== Work to complete ==
All of the entries below need repeating exactly, apart from their images.

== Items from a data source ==
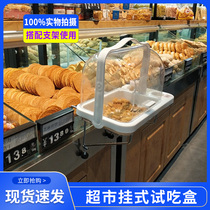 Commercial Supermarket Desktop Transparent PC Material Disposal Metal Bracket Whole Set Fruit Cooked Food Bread Cake Try and Drinking Drinking Box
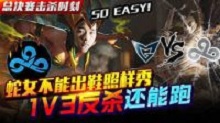 全球总决赛击杀时刻 crown蛇女1V3反杀还能跑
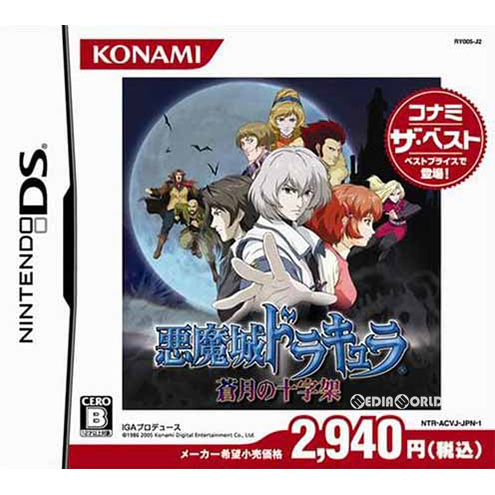 ニンテンドーDS konami コナミ 悪魔城ドラキュラ 蒼月の十字架 ソフト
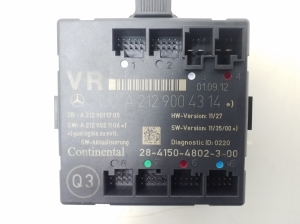  Front door control unit 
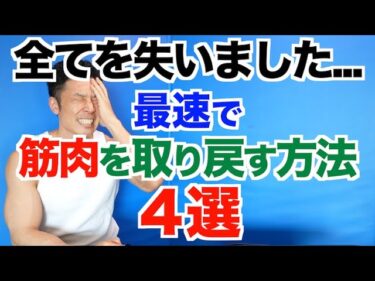 【ショック】８年分の全てを失いました…最速で筋肉を取り戻す方法4選2023-05-03 20:00:01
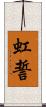 虹誓 Scroll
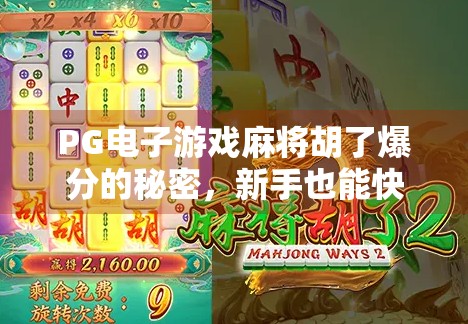 PG电子游戏麻将胡了爆分的秘密,新手也能快速掌握的爆分技巧大揭秘!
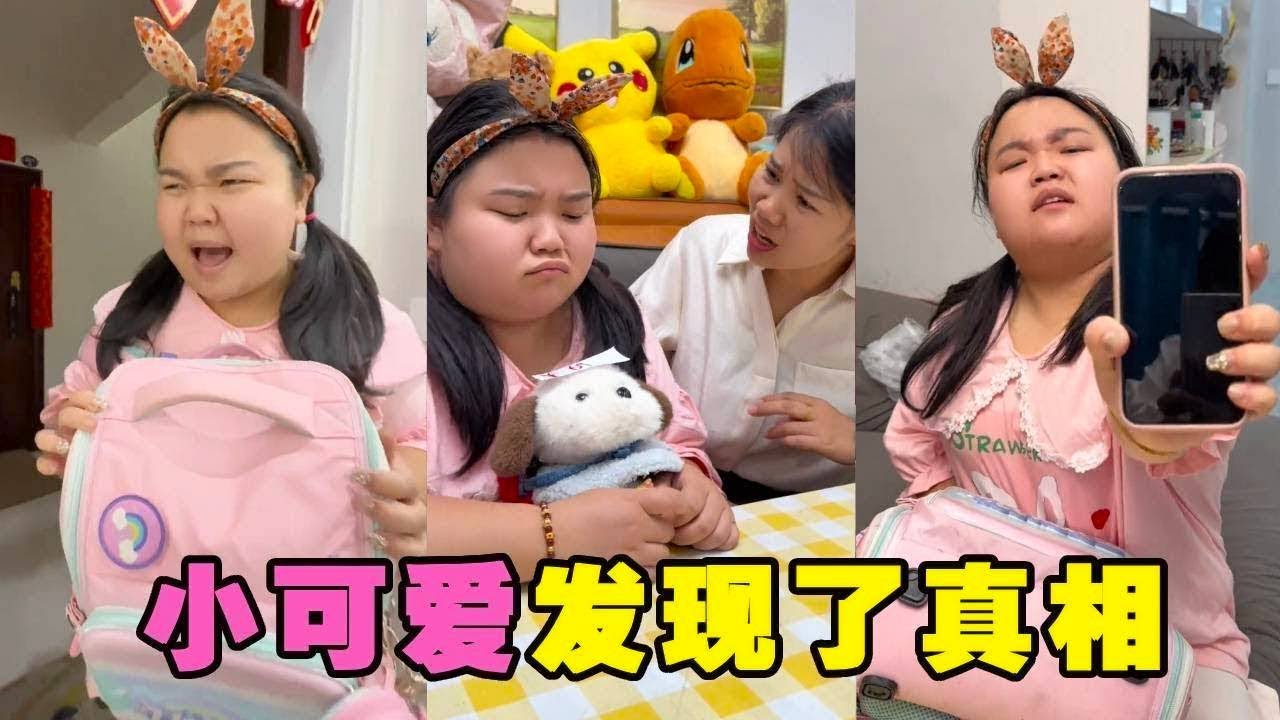 妈妈每次去接小可爱根本都不是为了接她，其实就是去吃好吃的，而且每天都吃的不一样！【小可爱吃不胖】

== Solution for this task ==
 Commercial Supermarket Desktop Transparent PC Material Disposal Metal Bracket Whole Set Fruit Cooked Food Bread Cake Try and Drinking Drinking Box
 全球总决赛击杀时刻 crown蛇女1V3反杀还能跑
 ニンテンドーDS konami コナミ 悪魔城ドラキュラ 蒼月の十字架 ソフト
  Front door control unit 
 【ショック】８年分の全てを失いました…最速で筋肉を取り戻す方法4選2023-05-03 20:00:01
 虹誓 Scroll
 PG电子游戏麻将胡了爆分的秘密,新手也能快速掌握的爆分技巧大揭秘!
 妈妈每次去接小可爱根本都不是为了接她，其实就是去吃好吃的，而且每天都吃的不一样！【小可爱吃不胖】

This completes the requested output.